FEAT: Xavier: Share KV cache between VLLM replicas by ChengjieLi28 · Pull Request #2732

FEAT: Xavier: Share KV cache between VLLM replicas by ChengjieLi28 · Pull Request #2732 · xorbitsai/inference

Xavier: Share KV cache between VLLM replicas

Naming

It is derived from Professor X (Charles Francis Xavier) in the Marvel Comics X-Men series. The project name starts with "X," and like Professor X, who possesses a powerful mind that controls information, this metaphorically refers to the project managing the data scheduling in vllm.

Purpose

In vllm with multiple replicas, some long prompts have a lengthy prefill time. If other replicas have already computed the results, they can be directly transferred and used.

Usage

Simply add the parameter enable_xavier=True when starting the vllm model.

Test

Using this script to generate a long prompt for LLM (about 9k+ prompt token):

from faker import Faker
import pandas as pd


def gen_data(lines: int):
    faker = Faker()
    data = {
        "Name": [faker.name() for _ in range(lines)],
        "Age": [faker.random_int(min=15, max=80) for _ in range(lines)],
        "Occupation": [faker.job() for _ in range(lines)],
        "Country": [faker.country() for _ in range(lines)],
        "Email": [faker.email() for _ in range(lines)],
        "Address": [faker.address() for _ in range(lines)],
        "Phone Number": [faker.phone_number() for _ in range(lines)]
    }
    df = pd.DataFrame(data)
    markdown_table = df.to_markdown(index=False)
    return markdown_table

LONG_PROMPT = "You are a helpful assistant in recognizes the content of tables in markdown format. Here is a table as follows.\n# Table\n" + f"""
{gen_data(100)}
"""
q1 = "Question: What is the name and country of ID 23? Your answer: The name and country of ID 23 are "
q2 = "Question: What is the name and country of ID 96? Your answer: The name and country of ID 96 are "

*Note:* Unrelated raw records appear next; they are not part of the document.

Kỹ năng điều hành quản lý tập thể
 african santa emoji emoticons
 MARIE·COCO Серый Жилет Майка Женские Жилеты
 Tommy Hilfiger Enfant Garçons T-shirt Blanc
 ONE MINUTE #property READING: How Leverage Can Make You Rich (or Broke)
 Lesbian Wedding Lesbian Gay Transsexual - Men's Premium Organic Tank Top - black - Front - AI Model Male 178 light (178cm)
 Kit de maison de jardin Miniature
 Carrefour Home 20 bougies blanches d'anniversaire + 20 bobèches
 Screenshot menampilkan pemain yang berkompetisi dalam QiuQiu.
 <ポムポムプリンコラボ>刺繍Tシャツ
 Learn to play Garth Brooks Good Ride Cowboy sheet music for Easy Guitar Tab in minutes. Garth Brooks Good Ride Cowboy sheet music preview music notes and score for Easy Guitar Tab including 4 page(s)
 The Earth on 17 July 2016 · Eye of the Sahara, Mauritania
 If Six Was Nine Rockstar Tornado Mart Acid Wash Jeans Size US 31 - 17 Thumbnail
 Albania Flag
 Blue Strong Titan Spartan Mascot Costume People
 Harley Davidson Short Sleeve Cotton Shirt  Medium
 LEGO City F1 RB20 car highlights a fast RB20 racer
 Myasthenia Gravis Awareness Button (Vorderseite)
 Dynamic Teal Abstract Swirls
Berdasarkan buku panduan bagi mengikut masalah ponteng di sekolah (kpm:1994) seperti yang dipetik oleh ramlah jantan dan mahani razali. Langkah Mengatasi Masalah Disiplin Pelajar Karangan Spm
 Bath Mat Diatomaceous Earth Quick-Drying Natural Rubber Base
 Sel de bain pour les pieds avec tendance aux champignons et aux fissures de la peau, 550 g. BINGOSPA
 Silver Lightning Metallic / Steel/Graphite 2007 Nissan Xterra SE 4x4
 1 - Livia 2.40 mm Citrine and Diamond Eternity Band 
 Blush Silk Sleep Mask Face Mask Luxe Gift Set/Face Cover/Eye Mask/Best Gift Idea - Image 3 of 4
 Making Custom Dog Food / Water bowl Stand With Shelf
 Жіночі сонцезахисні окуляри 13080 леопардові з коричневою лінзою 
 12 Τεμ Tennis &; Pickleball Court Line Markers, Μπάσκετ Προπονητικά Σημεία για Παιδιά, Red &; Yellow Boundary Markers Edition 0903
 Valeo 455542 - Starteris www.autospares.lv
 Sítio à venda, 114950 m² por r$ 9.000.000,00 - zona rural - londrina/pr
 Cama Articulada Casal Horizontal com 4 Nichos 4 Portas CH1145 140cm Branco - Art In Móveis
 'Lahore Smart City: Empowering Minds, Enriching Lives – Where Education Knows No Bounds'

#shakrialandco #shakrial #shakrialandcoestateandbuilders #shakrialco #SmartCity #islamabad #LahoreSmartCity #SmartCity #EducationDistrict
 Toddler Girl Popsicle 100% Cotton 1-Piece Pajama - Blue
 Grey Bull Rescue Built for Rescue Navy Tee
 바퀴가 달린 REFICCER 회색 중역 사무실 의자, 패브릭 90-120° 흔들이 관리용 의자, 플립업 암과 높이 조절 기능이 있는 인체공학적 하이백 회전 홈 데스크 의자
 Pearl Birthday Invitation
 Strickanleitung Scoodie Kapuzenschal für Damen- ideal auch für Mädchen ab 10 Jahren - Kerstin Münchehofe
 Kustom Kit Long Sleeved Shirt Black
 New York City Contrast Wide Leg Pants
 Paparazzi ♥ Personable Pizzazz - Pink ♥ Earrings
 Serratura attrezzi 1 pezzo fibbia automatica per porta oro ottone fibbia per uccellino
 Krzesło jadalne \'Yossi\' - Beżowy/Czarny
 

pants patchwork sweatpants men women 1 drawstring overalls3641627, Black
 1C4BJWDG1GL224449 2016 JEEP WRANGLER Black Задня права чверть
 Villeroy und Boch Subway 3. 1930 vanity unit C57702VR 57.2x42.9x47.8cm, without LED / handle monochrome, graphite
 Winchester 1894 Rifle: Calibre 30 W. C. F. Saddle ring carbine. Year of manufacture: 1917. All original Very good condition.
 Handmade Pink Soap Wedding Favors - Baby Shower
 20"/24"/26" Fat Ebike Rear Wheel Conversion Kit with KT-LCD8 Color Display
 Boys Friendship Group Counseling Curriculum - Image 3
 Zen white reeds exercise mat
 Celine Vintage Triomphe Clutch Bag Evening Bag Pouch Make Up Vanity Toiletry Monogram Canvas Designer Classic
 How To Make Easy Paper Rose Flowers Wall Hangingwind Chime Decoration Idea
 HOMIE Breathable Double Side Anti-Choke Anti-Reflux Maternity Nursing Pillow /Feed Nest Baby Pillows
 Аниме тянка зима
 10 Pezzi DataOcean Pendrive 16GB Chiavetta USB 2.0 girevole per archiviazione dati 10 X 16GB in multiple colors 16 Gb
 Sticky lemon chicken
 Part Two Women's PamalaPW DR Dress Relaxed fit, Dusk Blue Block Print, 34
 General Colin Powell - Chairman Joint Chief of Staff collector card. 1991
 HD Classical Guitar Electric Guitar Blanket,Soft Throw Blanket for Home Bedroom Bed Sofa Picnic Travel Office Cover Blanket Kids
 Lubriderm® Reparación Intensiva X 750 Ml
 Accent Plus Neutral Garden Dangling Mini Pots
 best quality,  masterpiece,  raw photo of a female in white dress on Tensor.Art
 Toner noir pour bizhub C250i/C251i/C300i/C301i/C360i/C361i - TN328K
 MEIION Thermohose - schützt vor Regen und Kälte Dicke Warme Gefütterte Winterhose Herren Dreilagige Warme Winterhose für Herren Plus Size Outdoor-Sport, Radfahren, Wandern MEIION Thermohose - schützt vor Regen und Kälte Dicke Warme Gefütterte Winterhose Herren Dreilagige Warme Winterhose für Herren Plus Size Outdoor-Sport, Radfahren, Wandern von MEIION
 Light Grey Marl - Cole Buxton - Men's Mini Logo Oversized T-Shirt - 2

Use LONG_PROMPT+q1 and LONG_PROMPT+q2 as prompts to interact with the model separately for each query.

Test Results:

Env two RTX 3090TI with nvlink
Qwen2.5-instruct 7B with 2 replicas (one replica on one card)

First query (without cache, just calculating) E2E time:
LONG_PROMPT+q1: ~2.96 s
Second query (with transferring) E2E time:
LONG_PROMPT+q2: ~1.33 s

Limitations

Rollback for xinference is not currently supported (it will be supported in the future)
Enabling Xavier means enabling vllm's enable_prefix_caching. The vllm version needs to be >= 0.6.5
Gloo cannot recognize the 0.0.0.0 address, so when starting xinference, you need to use the actual IP address, for example: xinference-local -H 192.168.xx.xx.